O embargo fôra estabelecido a fim de pressionar o general Raoul Cédras a apear do poder e nele restaurar o presidente Aristide, mas fracassou neste objetivo e em nada alterou a posição da oligarquia haitiana.
Esta, mancomunada como sempre com um grupo de militares corruptos, manteve tranquilamente o seu habitual consumo suntuário, insensível à miséria circundante, graças ao contrabando através da fronteira dominiciana.
Assim, Aristide, ex-salesiano expulso da Ordem e que nada tem de democrata, é identificado pelo proletariado urbano de Port-au-Prince com a preservação do embargo, cujos corolários econômico-sociais são a causa imediata da trágica evasão dos "boat people".
Tem o Brasil qualquer papel a desempenhar ante este quadro?
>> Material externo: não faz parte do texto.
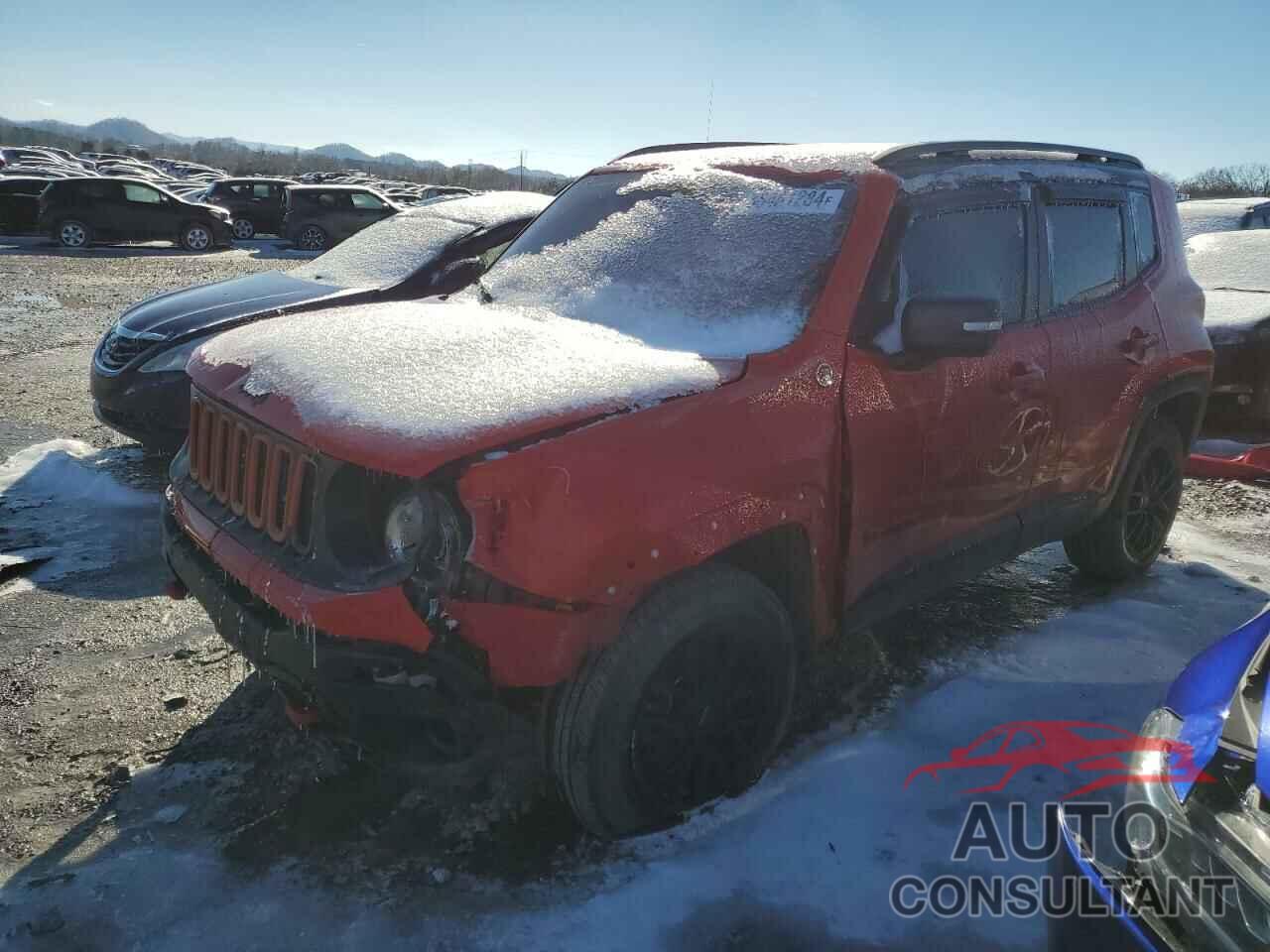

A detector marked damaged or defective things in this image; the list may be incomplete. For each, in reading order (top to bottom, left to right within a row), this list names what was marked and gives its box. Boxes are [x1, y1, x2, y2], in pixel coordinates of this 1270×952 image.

O governo tem-se havido com firmeza e comedimento nos foros internacionais em que vem sendo discutida a crise do Haiti, assim como no diálogo com os Estados Unidos.
É possível que à OEA esteja reservado um papel de maior destaque que o que até agora teve na condução do "affaire" haitiano.
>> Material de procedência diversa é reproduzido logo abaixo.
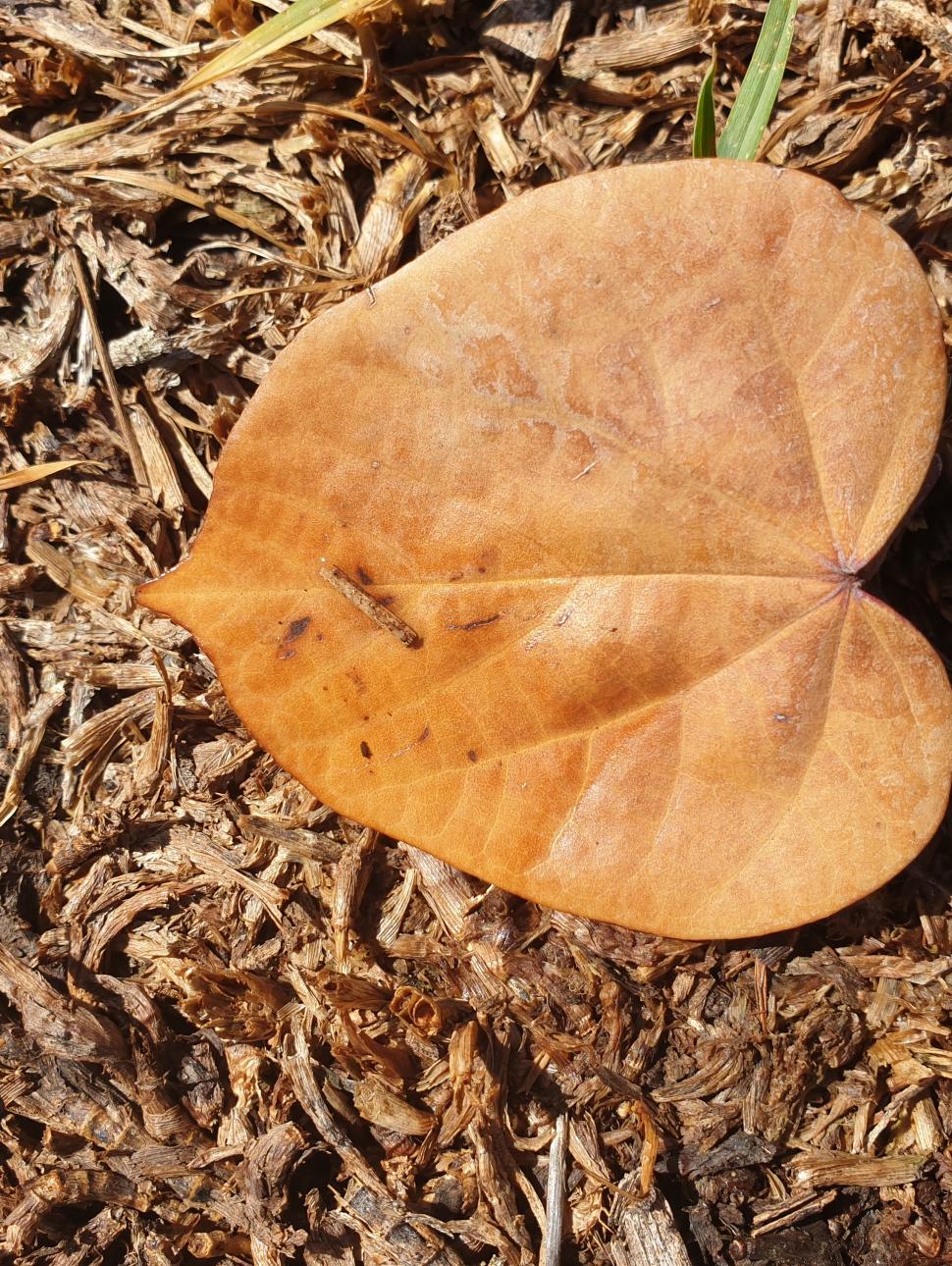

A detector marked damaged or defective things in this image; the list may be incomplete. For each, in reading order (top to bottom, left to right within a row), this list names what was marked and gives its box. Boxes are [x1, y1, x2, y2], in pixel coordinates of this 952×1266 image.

splintered wood fragment [320, 561, 420, 648] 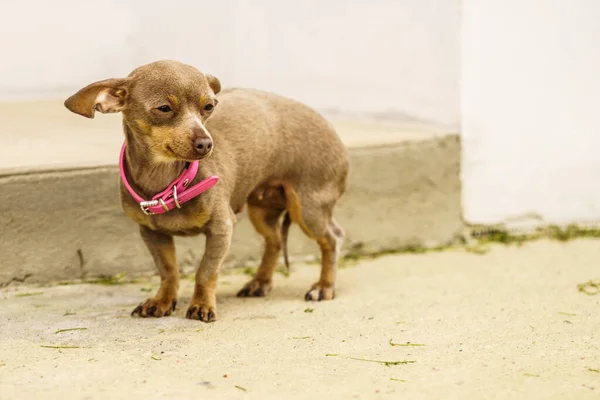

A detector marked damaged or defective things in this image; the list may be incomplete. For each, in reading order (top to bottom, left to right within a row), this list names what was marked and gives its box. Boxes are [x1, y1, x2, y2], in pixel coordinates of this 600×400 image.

cracked concrete edge [0, 134, 464, 284] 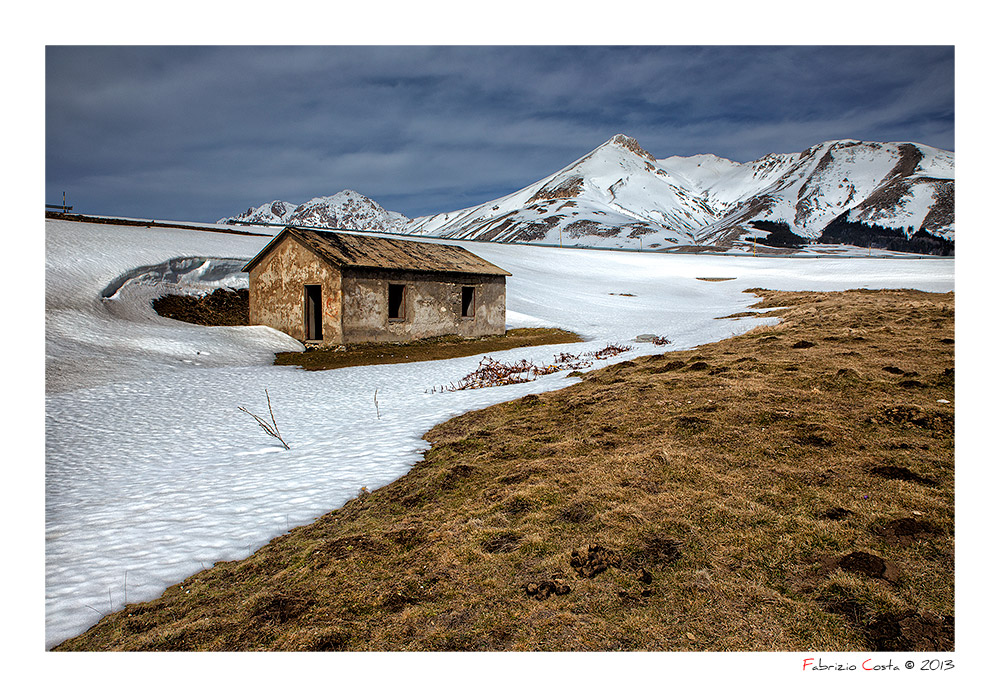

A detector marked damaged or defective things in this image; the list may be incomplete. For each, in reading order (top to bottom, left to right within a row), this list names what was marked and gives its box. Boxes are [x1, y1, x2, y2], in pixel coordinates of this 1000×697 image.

rusted roof [240, 226, 508, 274]
broken window [390, 282, 406, 320]
broken window [460, 284, 476, 316]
Ainda que as Nações Unidas não se tenham até agora distinguido neste contexto, o esforço da comunidade internacional em prol do Haiti deveria colocar-se sob o seu patrocínio e deveria orientar-se no sentido de uma tutela multilateral efetiva, política assim como econômica, guardadas as aparências mas sob total controle externo.
Sob o prisma da estratégia de desenvolvimento sustentável a adotar-se para o Haiti, é óbvio que tanto o BID como o Banco Mundial estariam melhor qualificados que a ONU para gerir o processo, mas no caso haitiano a componente política é tão importante e sensível que melhor seria confiá-la a um organismo também político, desde que a missão específica fosse dirigida por um especialista de alto nível, com livre trânsito tanto no próprio Haiti como entre os países e os organismos doadores (por exemplo a União Européia) da maciça ajuda internacional que se requer.
O Brasil dispõe de enorme receptividade no Haiti. Existem entre os dois povos afinidades subjacentes e é grande a admiração dos haitianos pelo nosso país.
Caberia a este elevar o seu perfil na solução da crise haitiana, em forma proativa, sob o aspecto do desenvolvimento. Temos aqui um considerável acervo de experiências em matéria de desenvolvimento com preservação ambiental e o Brasil poderia disputar a liderança, tanto diplomática como técnica, do processo de redenção econômica do país.
Em 1965 o Brasil, então sob governo militar, enviou uma força armada à República Dominicana. Seria interessante e muito mais consentâneo com a nossa índole nacional se, decorridos 30 anos, o Brasil pudesse, do outro lado da ilha, coordenar o esforço da comunidade internacional para restaurar a dignidade nacional do Haiti e promover, enfim, o bem-estar do seu povo.